Extracted data entries:
- - - -
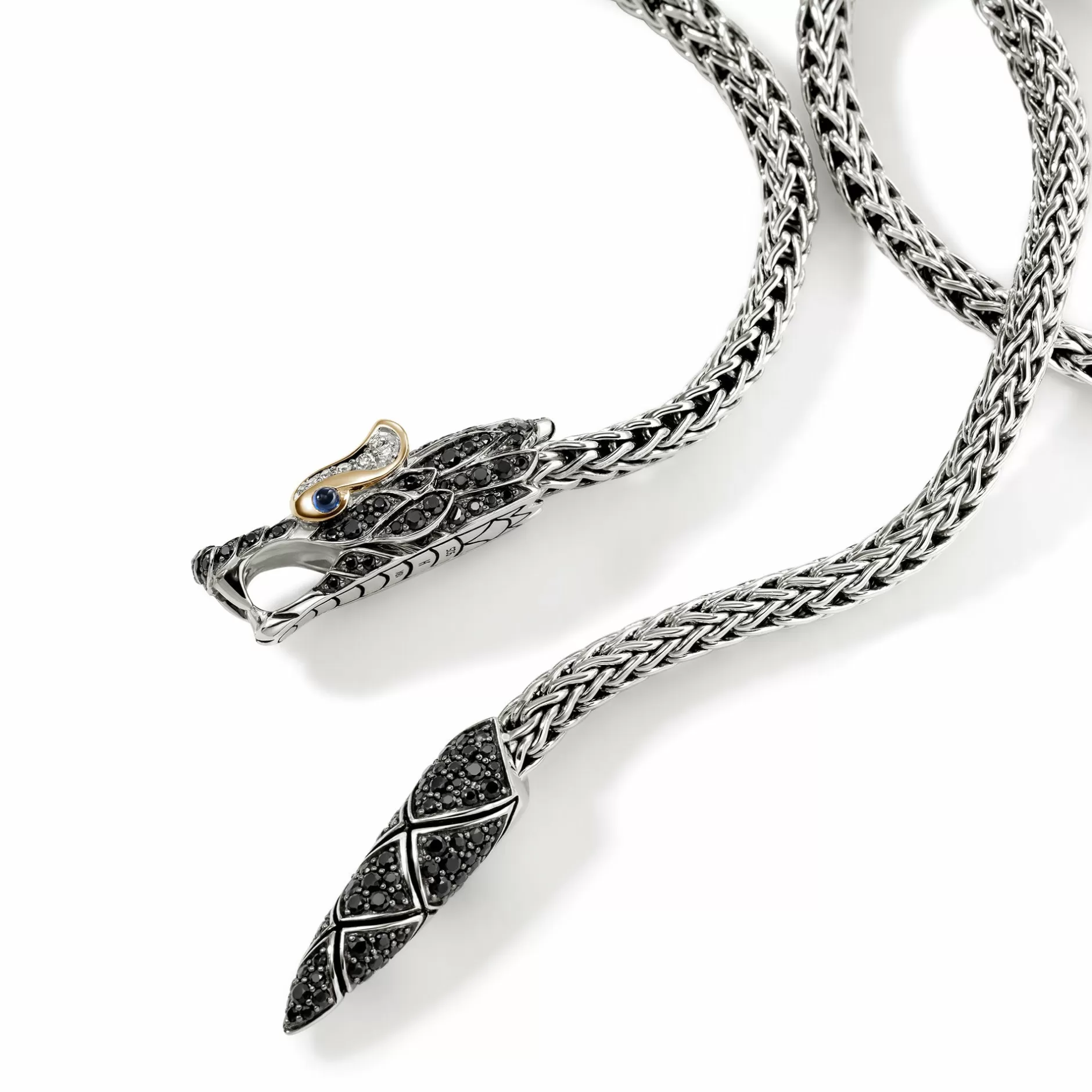 Naga Lariat, Gold, Silver, Diamonds^John Hardy Discount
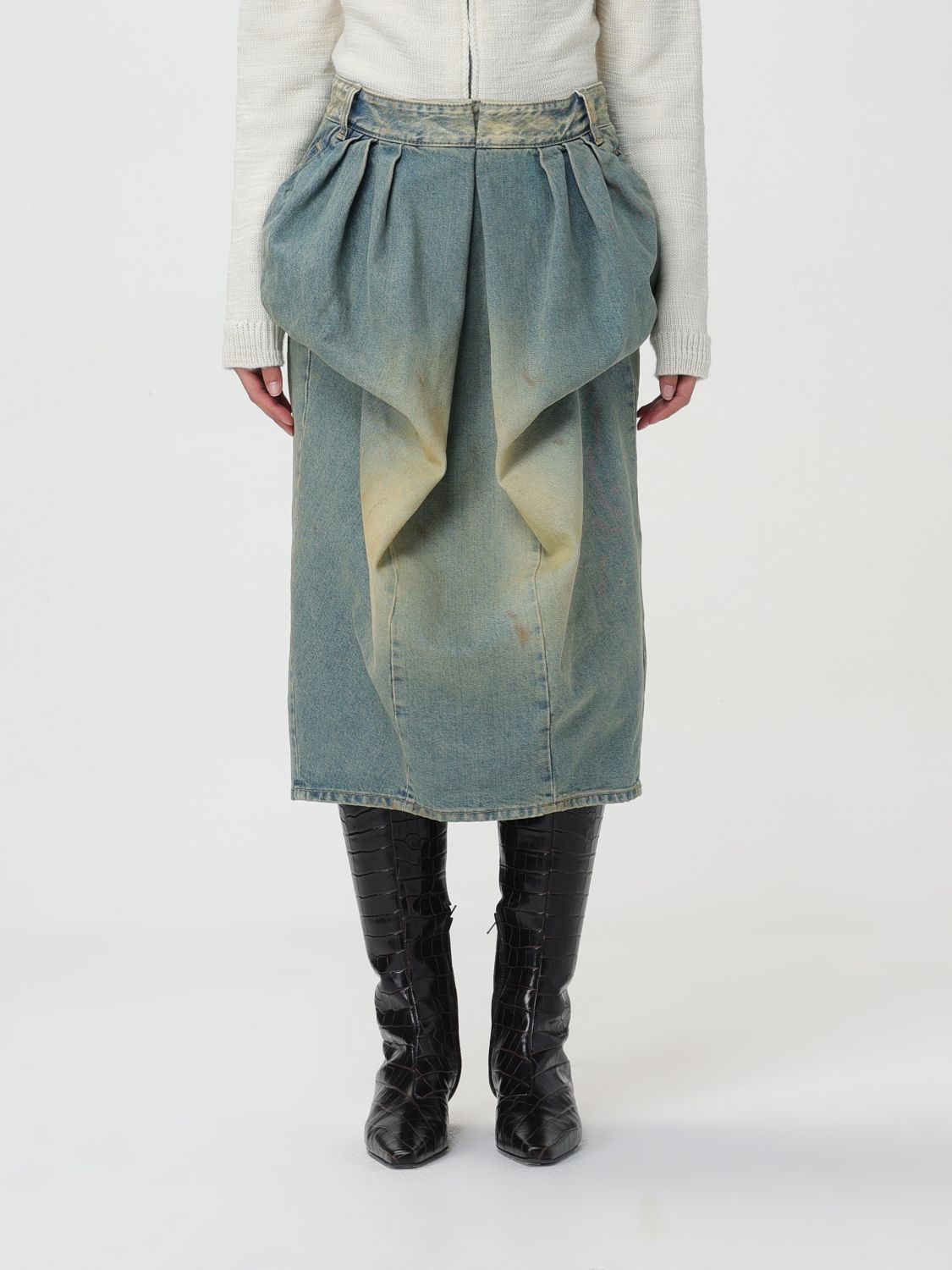 Maison Margiela Skirt MAISON MARGIELA Woman colour Denim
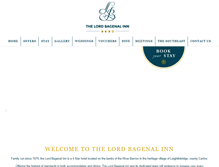 Tablet Screenshot of lordbagenal.com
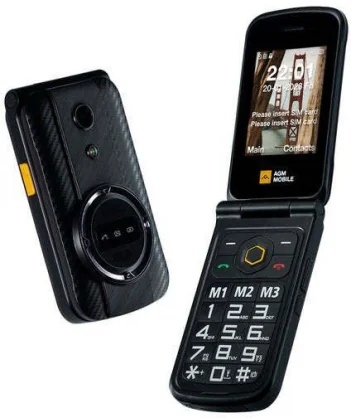Mobilusis telefonas AGM M8 Klapper Black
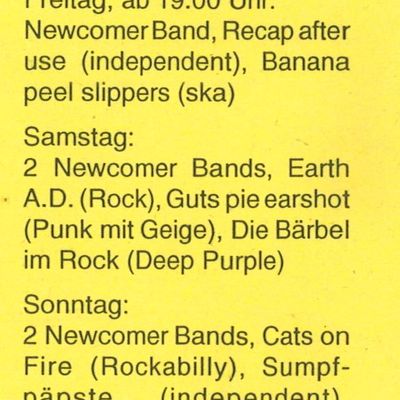 Flyer: Open Air, 01.07.1995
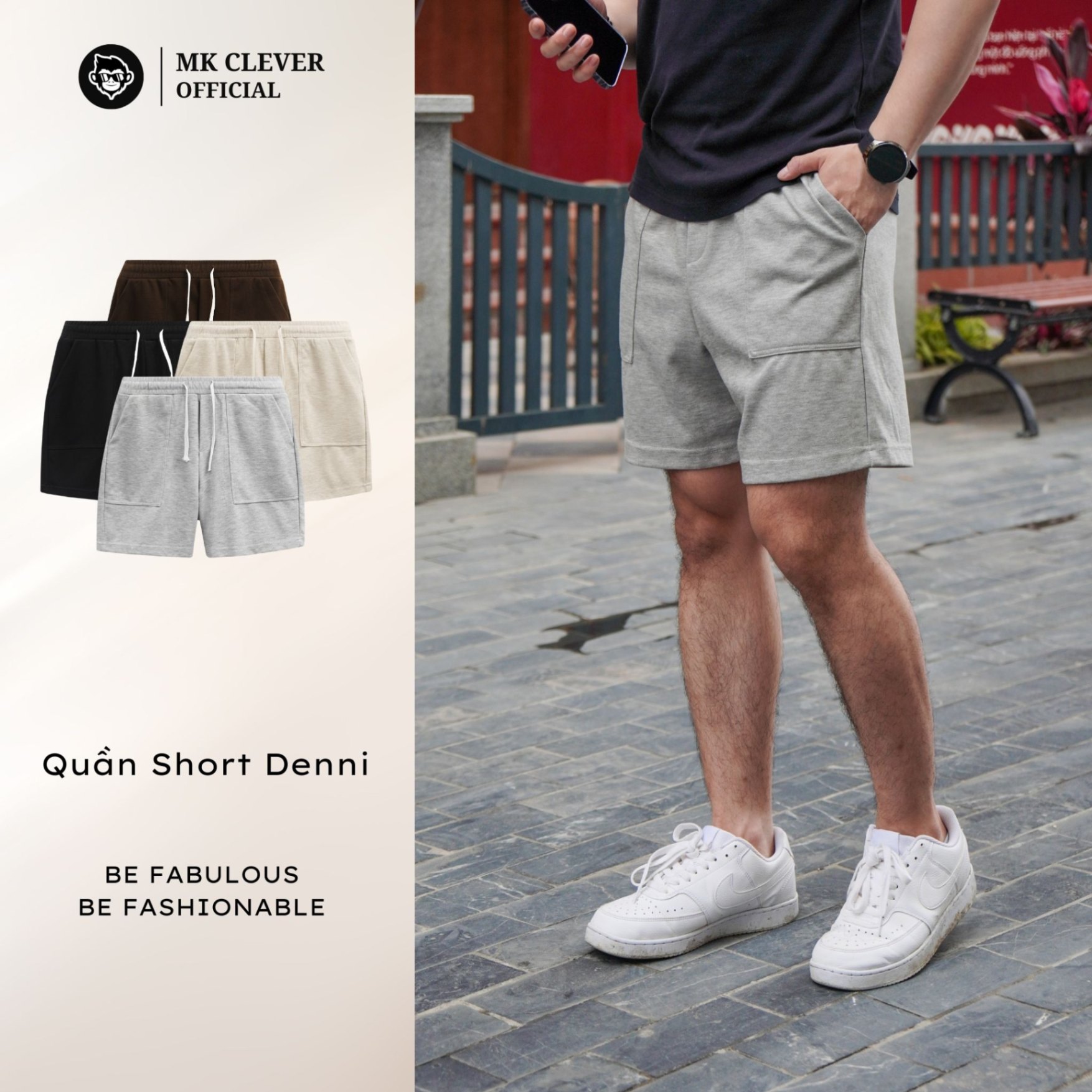 MK - Quần Short Nỉ Denni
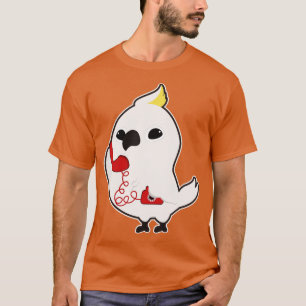 Parrot at Telephone with Telephone receiver T-Shirt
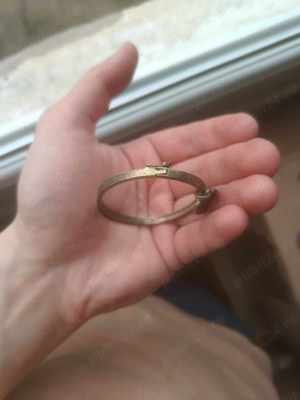 Bratara Rhinestone Love Heart Torque Cuff Bangle Open Bracelet Jewellery - imagine 4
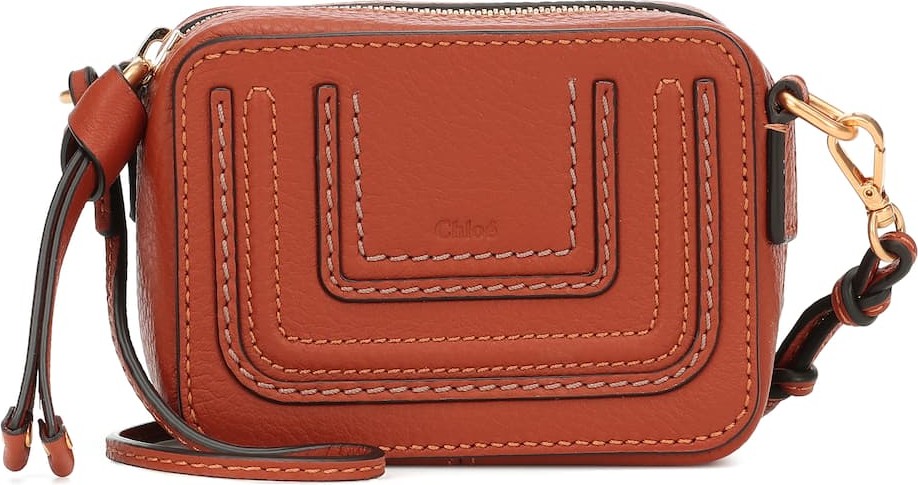 Chloe Marcie mini leather crossbody bag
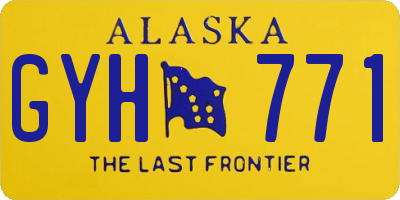AK license plate GYH771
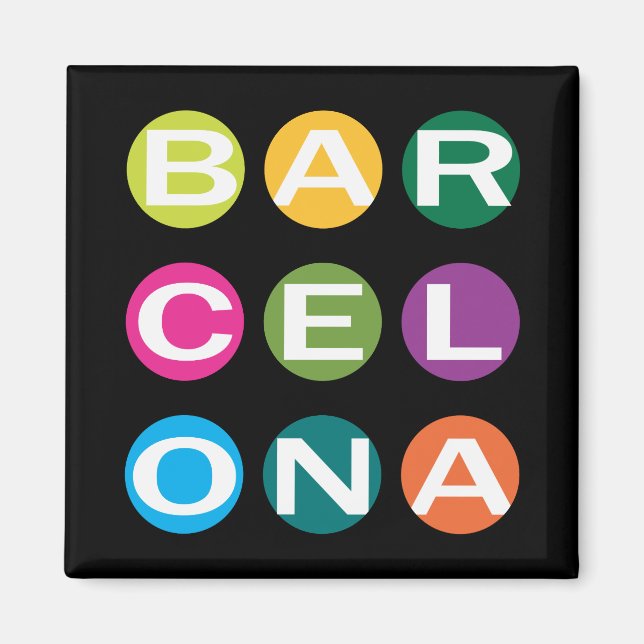 Imán BARCELONA Magnet (Frente)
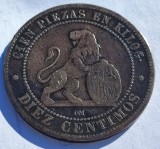 235. Moneda Spania 10 centimos 1870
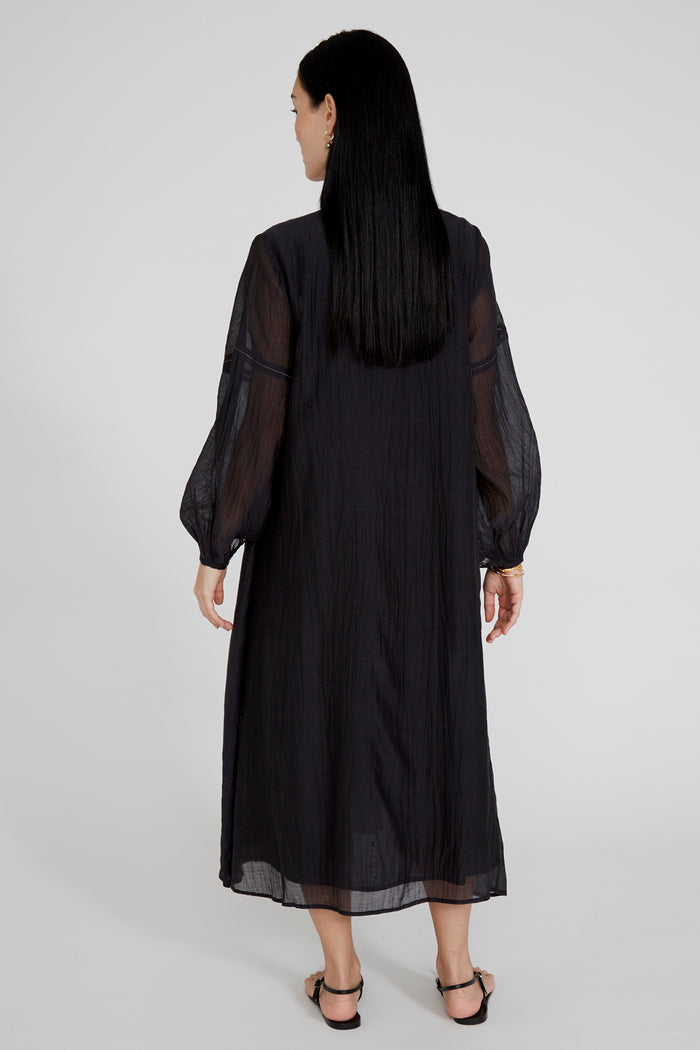 Chan Luu Pamela Dress Caviar RTW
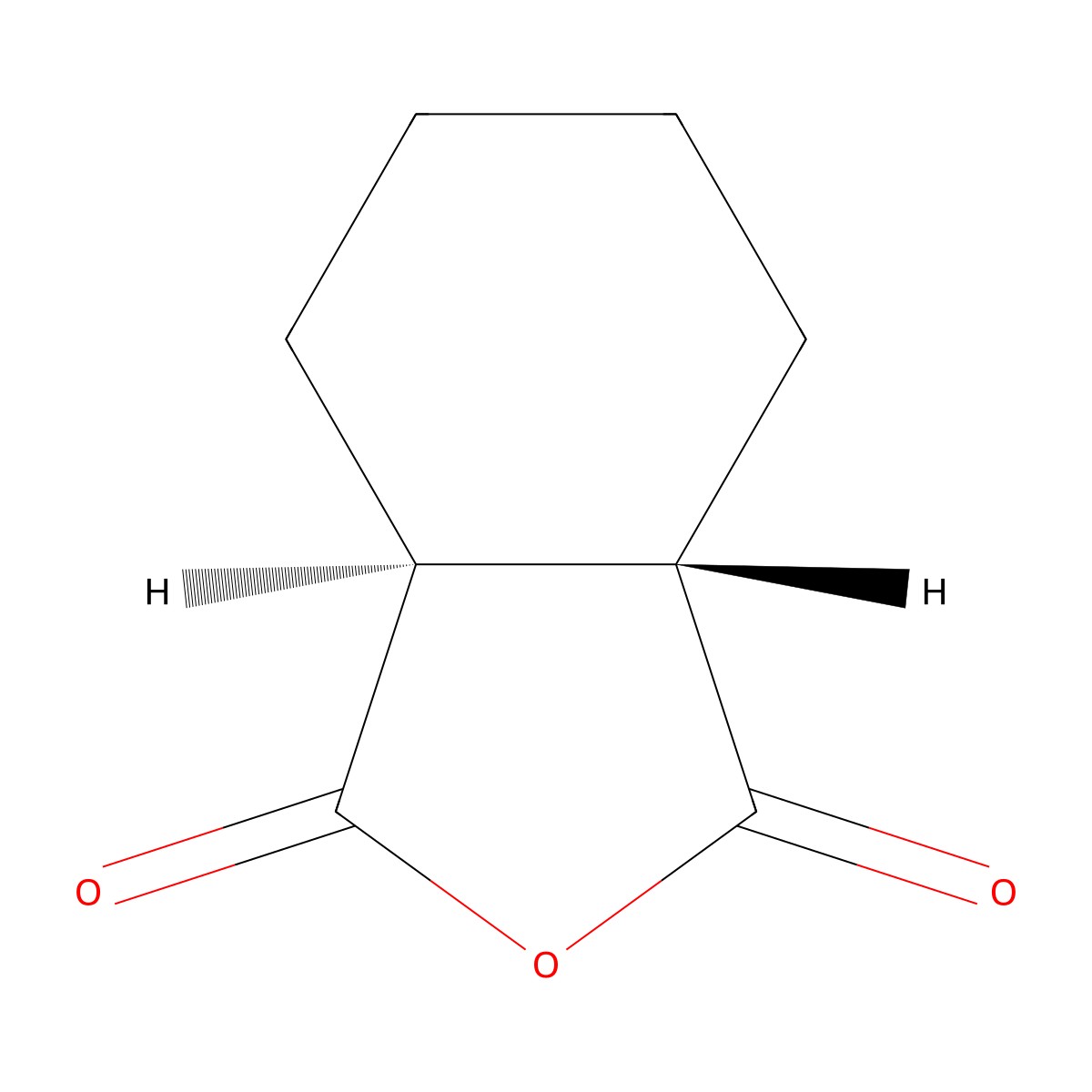 (-)-trans-1,2-Cyclohexanedicarboxylic Anhydride molecular structure, CAS 31982-85-1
- - - -
Exercise objective: All of the data above is to be repeated exactly, with the pictures left out.

Task response:
 Naga Lariat, Gold, Silver, Diamonds^John Hardy Discount
 Maison Margiela Skirt MAISON MARGIELA Woman colour Denim
 Tablet Screenshot of lordbagenal.com
Mobilusis telefonas AGM M8 Klapper Black
 Flyer: Open Air, 01.07.1995
 MK - Quần Short Nỉ Denni
 Parrot at Telephone with Telephone receiver T-Shirt
 Bratara Rhinestone Love Heart Torque Cuff Bangle Open Bracelet Jewellery - imagine 4
 Chloe Marcie mini leather crossbody bag
AK license plate GYH771
 Imán BARCELONA Magnet (Frente)
 235. Moneda Spania 10 centimos 1870
 Chan Luu Pamela Dress Caviar RTW
 (-)-trans-1,2-Cyclohexanedicarboxylic Anhydride molecular structure, CAS 31982-85-1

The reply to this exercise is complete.